What is Strategic Budgeting

What is Strategic Budgeting

The budgeting method is Associate in Nursing integral a part of any business. The budgeting method is omnipresent and underlies virtually every call within the company world. In fact, critics of the budgeting method argue that the method takes an excessive amount of the management’s time. The management generally spends twenty-fifth to half-hour of 4 months of their time within the budgeting method. Despite a large amount of your time and resources spent within the budgeting method, the results are encouraging. the basis reason for this suboptimal performance is the indisputable fact that the budgeting method is short in nature and usually disconnected from the strategic objectives of the firm. this can be the explanation that over the years, the sector of strategic budgeting has become a lot of distinguished. Details concerning strategic budgeting are explained more in this article.

What is Strategic Budgeting
What is Strategic Budgeting


Part of Associate in Nursing Integrated Process:

Presently, the budgeting system across the planet is predicated on the past. this suggests that budgets area unit ready supported what they were within the previous year. However, the strategic surroundings of a firm might have modified drastically within the past year. for example, new technologies might have emerged or new competitors might enter into the business. New technologies and new competitors generally don’t become a threat to the business within the initial year of its existence. However, this can be the simplest time for the organization to mount a defense by allocating funds. Most corporation area units are unable to try and do therefore as a result the budgeting method is taken into account to be operational and is usually disconnected from the longer-term strategic plans of the organization. This changes once the principles of the strategic budgeting area unit are taken under consideration. Strategic budgeting is meant to be aligned with and derived from the longer-term strategic plans. this can be the explanation that strategic budgeting would forthwith understand a threat to its competitive positions and would begin allocating funds.
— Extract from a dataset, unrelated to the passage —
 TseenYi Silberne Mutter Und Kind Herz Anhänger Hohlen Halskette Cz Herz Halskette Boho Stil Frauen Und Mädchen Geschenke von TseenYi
Use of Balanced Scorecards:

The matter with budgeting is that the analysis takes place strictly for the money purpose of reading. In several firms, individuals managing budgets area unit solely rewarded after they area unit ready to avoid wasting quantity from their allotted budget. there’s a floor and ceiling that is about up for each expense kind. the matter with this approach is that the main focus is only on money and ignores alternative factors. for example, cutting advertising prices might seem to be profitable in the short run however is probably going to guide to the loss of market share in the long-standing time. Strategic budgeting tries to remedy this downside by involving the employment of balanced scorecards. varied parameters area unit listed within the balanced book and once prices area unit reduced, their impact on alternative strategic objectives is additionally thought of. This provides the organization with a lot of holistic read of price reduction methods as hostile to the one-dimensional read of aggressive cost-cutting.

Multiyear Objective:

The method of budgeting is inherently short in nature. this can be as a result of the results derived from budgeting area unit valid for the most amount of 1 year. Strategic budgeting tries to induce obviate this defect of the budgeting method. Strategic budgeting isn’t connected to a short annual goal. Instead, it’s connected to a multiyear objective that’s derived from and thus is aligned with the strategic setup.
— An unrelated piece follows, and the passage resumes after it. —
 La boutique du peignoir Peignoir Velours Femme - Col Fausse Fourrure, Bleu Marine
The budgeting method is commonly criticized for being backward-looking. this can be a result of budgets for this year’s area unit derived from the previous year’s budgets. However, with the appearance of strategic budgeting, this has been modified. Strategic budgets area unit sometimes zero-based budgets. this suggests that rather than exploiting the previous year as a base and so building from there, the budget is made from scratch per annum. As a result, the budget is sometimes aligned to strategic objectives and thus tends to be progressive.

Higher Empowerment:

Ancient budgeting may be a centralized method. Higher-level managers decide the budgets and so cascade these budgets to units or plants. However, this can be not how strategic budgeting works. Strategic budgeting may be a lot of inclusive methods whereby the opinion of ground-level personnel is additionally thought of. The ground-level personnel is briefed concerning the long-run objectives of the firm and ideas area unit sought-after from this personnel to be ready to reach the objectives.
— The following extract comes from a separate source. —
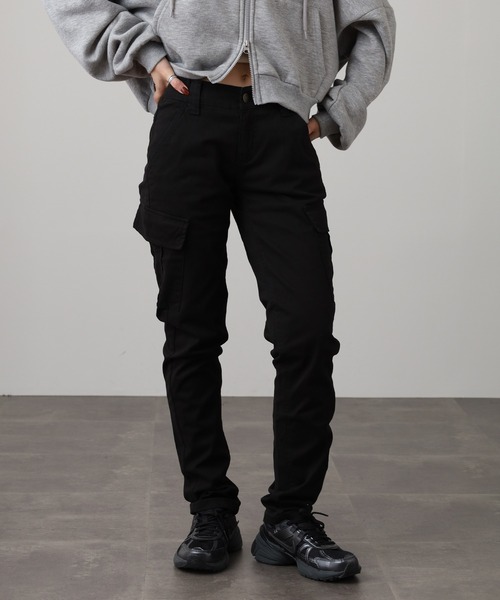 atONE(アットワン)の「atONE ツイルカーゴパンツ(カーゴパンツ・レディース・ブラック/ベージュ/カーキ・L/LL/3L/4L/M)」の5枚目の写真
Generation of Internal Funds:

Strategic budgeting is additionally connected with the strategic attempt to raise capital. Organizations that assume the long-run chart their growth path well ahead. As a result, they’re tuned in after they can like funds to accelerate the expansion of their business. this {can be} wherever strategic budgeting can facilitate them raising funds internally. If the firm is ready to manage its income in such some way that the funds required for the growth area unit are accessible at the right time, it’ll be ready to avoid seizing some terribly costly debt. this can be the purpose wherever strategic budgeting intersects with alternative areas in finance. Hence, it may be aforesaid that strategic budgeting plays a very important role in the long-run money management of the firm. Therefore, it’s vital for firms adopting strategic money management to conjointly adopt the strategic budgeting method.